Eight Things To Like And Two Things To Hate About The 2013 Oscars
The 85th version of the Academy Awards – that annual self-congratulatory show business industry shindig where industry executives and mucky-mucks show up in their limos to pat themselves on the back in front of a live television viewing audience – is over for another year and, as usual, nobody in Hollywood is ever completely happy about anything. But there were some aspects of the 2013 Oscars to be happy about as well as a couple for the eternally grumpy to be unhappy about.

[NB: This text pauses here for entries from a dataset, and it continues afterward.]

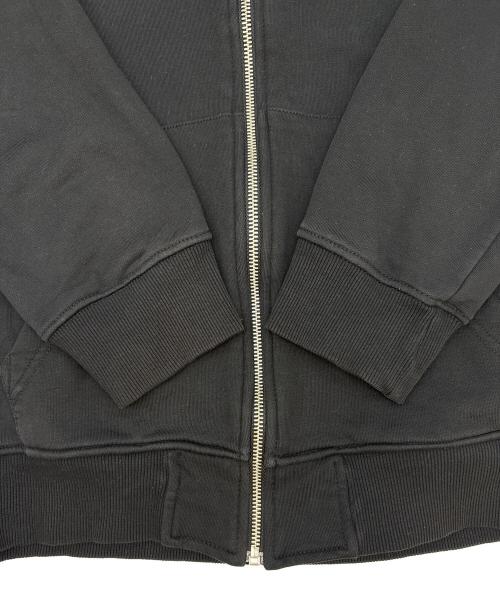DIESEL（ディーゼル）DIESEL (ディーゼル) DIESEL ジップアップスウェット ブラック サイズ:Lの古着・服飾アイテム
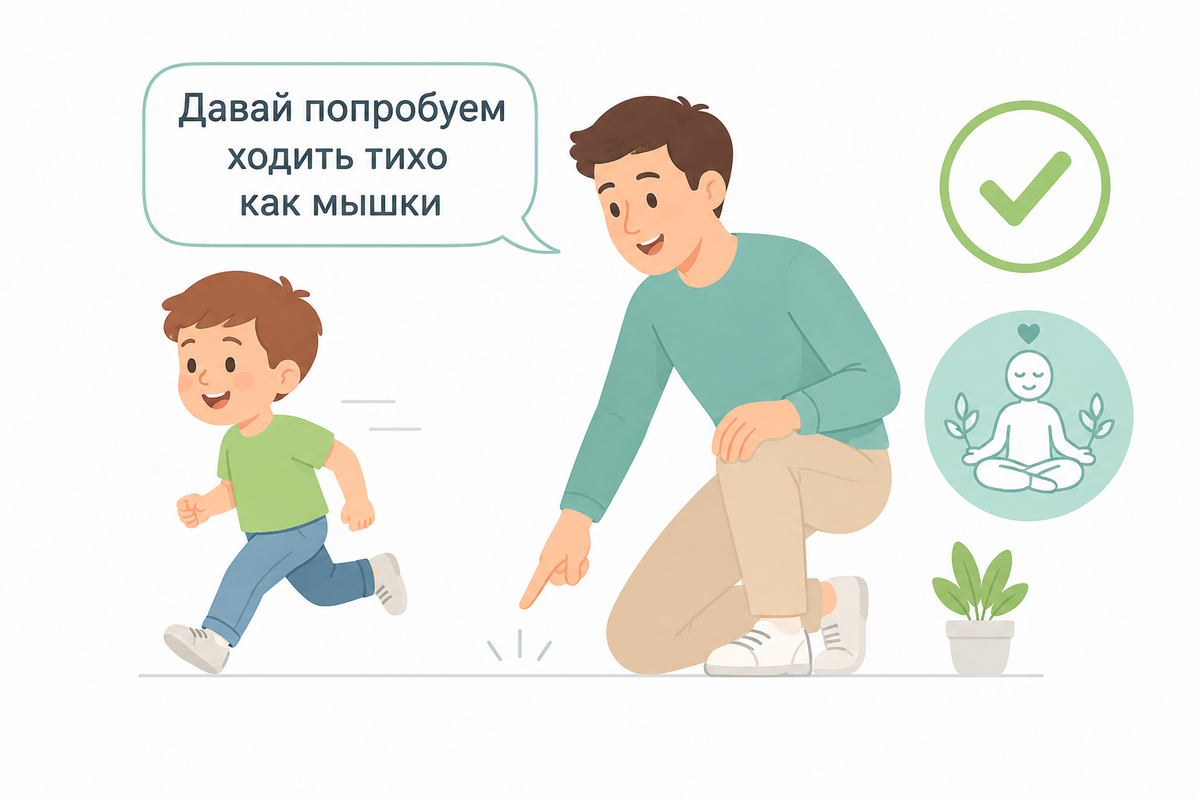 «Когда вы предлагаете альтернативу вместо запрета — ребёнок слышит вас легче.»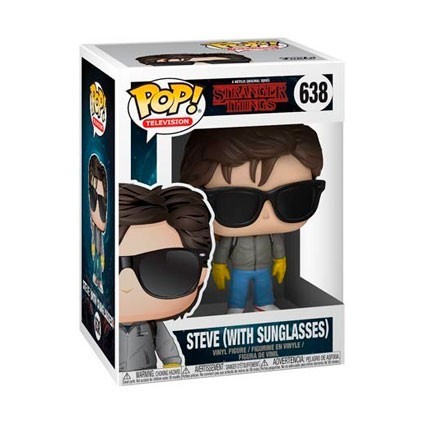 Figurine Pop! Stranger Things Steve avec Sunglasses (Rare) Funko Pop Suisse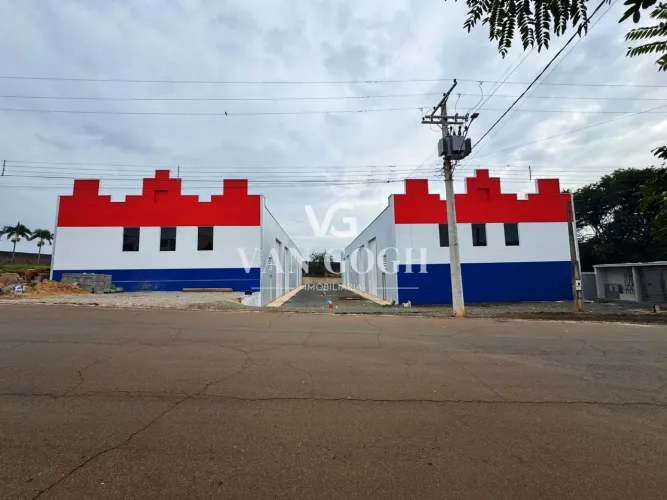Galpão de 189,23 m² Novo com Mezanino |Bairro Imigrantes | Holambra -SP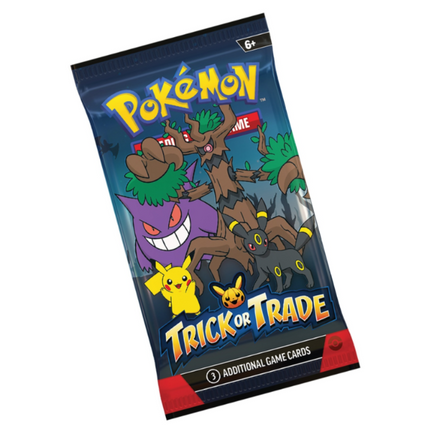 Pokemon | Trick or Trade 2024 | Booster Pack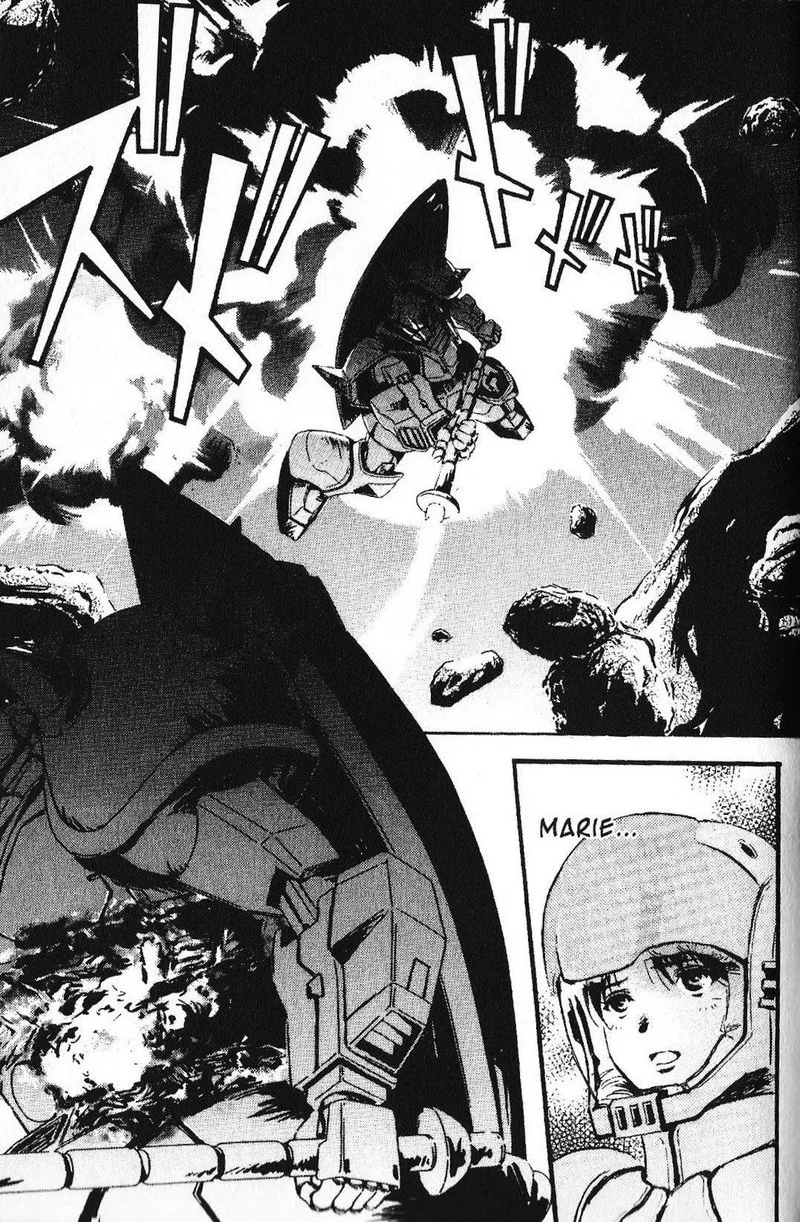 Mobile Suit Gundam - Ecole du Ciel Chapter 37 page 18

Seth MacFarlane was this year’s host and when he was announced as the host several months ago, there was a palpable fear pervading Hollywood that he would go the Ricky Gervais route and begin skewering celebrities – who are, let’s face it, easy pickins’ with their notoriously thin skins and convoluted sense of importance – at the fancy shishkebab in Los Angeles. After all, MacFarlane does that on a regular basis in his popular animated shows. But MacFarlane and the show’s producers made a prescient pre-emptive self-effacement strike by opening with William Shatner in his immortal Captain Kirk persona warning MacFarlane from the 23rd century that he was to avoid several hosting mistakes or risk being the worst host ever [although, in the end, the joke was “Entertainment Weekly” would think that anyway]. Score one in the good idea column for the Starship Enterprise and its captain.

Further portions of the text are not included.